Dozens of demonstrators threw rocks and firebombs at riot police who tried to
disperse the demonstrators in the southeastern town of Cizre in Turkey's mainly
Kurdish southeast. Police fired tear gas and warning shots in the air to
disperse them.
TV footage from the Dogan News Agency showed demonstrators pelting an armored
police car with rocks. Police detained at least seven protesters in Cizre,
reports said.
The protesters in Cizre were particularly angry over news that Ocalan's
lawyers were not allowed to see their client on Wednesday.
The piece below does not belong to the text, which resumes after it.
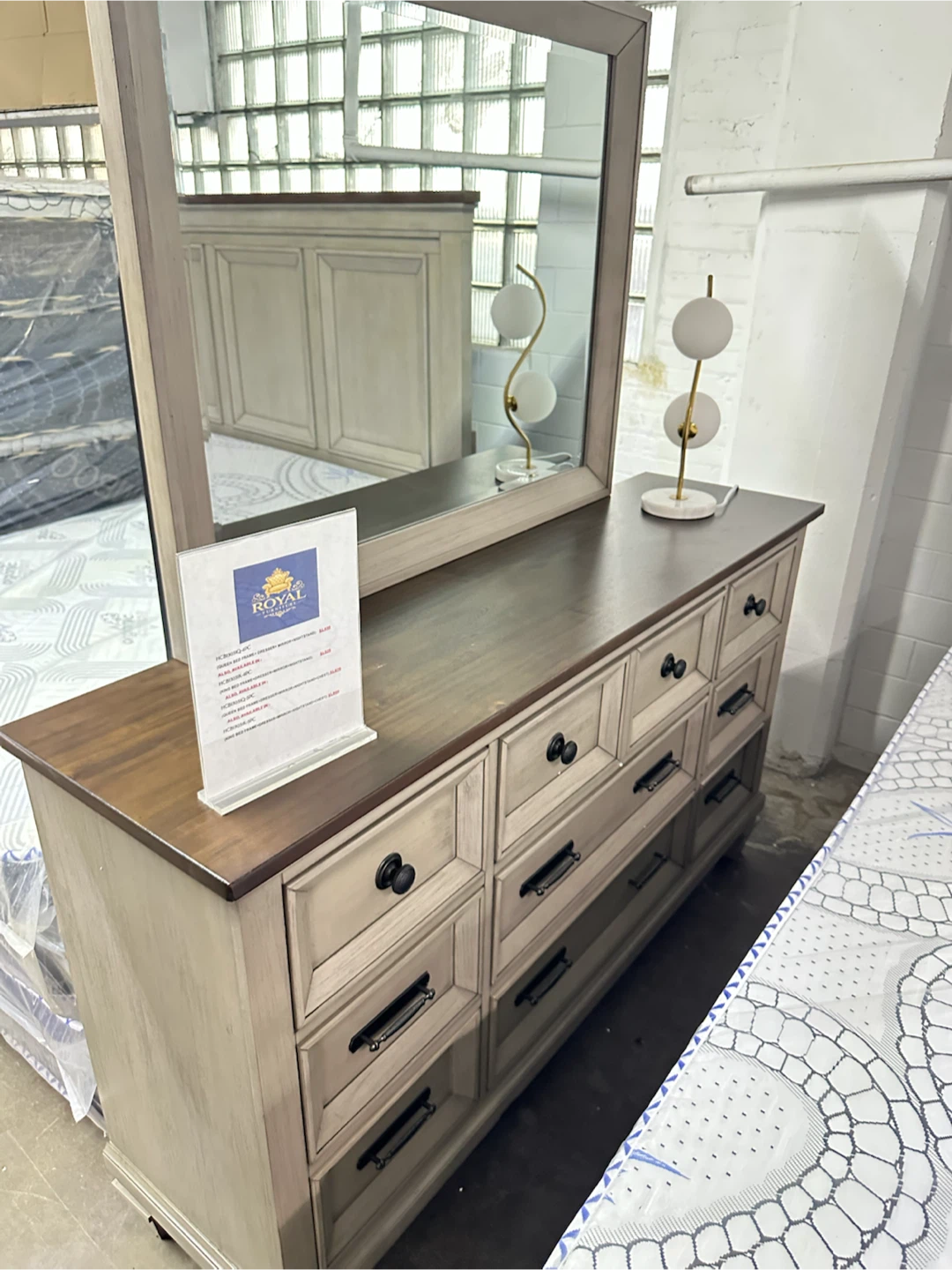 4 piece queen set bed frame mirror dresser nightstand - photo 3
In other violence elsewhere, Kurdish protesters smashed the windows of a city
bus and clashed with police in the Mediterranean port city of Mersin.
A small bomb exploded outside a military housing complex in the southeastern
town of Batman. No one was injured in the blast.
Militants believed to be linked to Ocalan's autonomy-seeking Kurdistan
Workers Party have claimed responsibility for two bombings in the past week that
killed one person and wounded 30 in Istanbul, Turkey's largest city.
In Sanliurfa, a city in Turkey's mainly Kurdish southeast, at least 500
demonstrators marched to protest Ocalan's imprisonment, chanting slogans in
support of the rebel leader. The demonstrators unfurled banners of the outlawed
group and carried posters of Ocalan. The group dispersed when riot police showed
up.
Ocalan was captured in Kenya after he was forced to leave a Greek diplomatic
mission there in 1999. Ocalan was later sentenced to death for leading an
insurgency in Turkey's predominantly Kurdish southeast that has claimed some
37,000 lives since 1984. His sentence was later commuted to life in prison,
which he is serving out as the sole inmate on a prison island near Istanbul.
Elsewhere in Turkey's southeast, shopkeepers shuttered their stores in the
cities of Van, Hakkari, and the town of Dogubayazit in protest Wednesday, the
Anatolia news agency said.
Kurdish protesters also staged sit-ins in the Mediterranean port city of
Mersin and the southeastern city of Sirnak.
On Tuesday, more than 1,000 Kurds marched in the streets of Diyarbakir, the
largest city in the southeast. Using Ocalan's nickname, they shouted, ``Long
Live Apo!''
Ocalan's rebel group, which the U.S. and European Union have branded a
terrorist organization, has been fighting Turkish troops for Kurdish autonomy in
the southeast since 1984.
Turkey continues to fight the rebels and does not recognize the country's
sizable Kurdish population as an official minority.
The fighting in the southeast tapered off after a rebel truce in 1999. But
there has been a resurgence of violence since June 2004, when the rebels
declared an end to the cease-fire, saying Turkey had not responded in kind.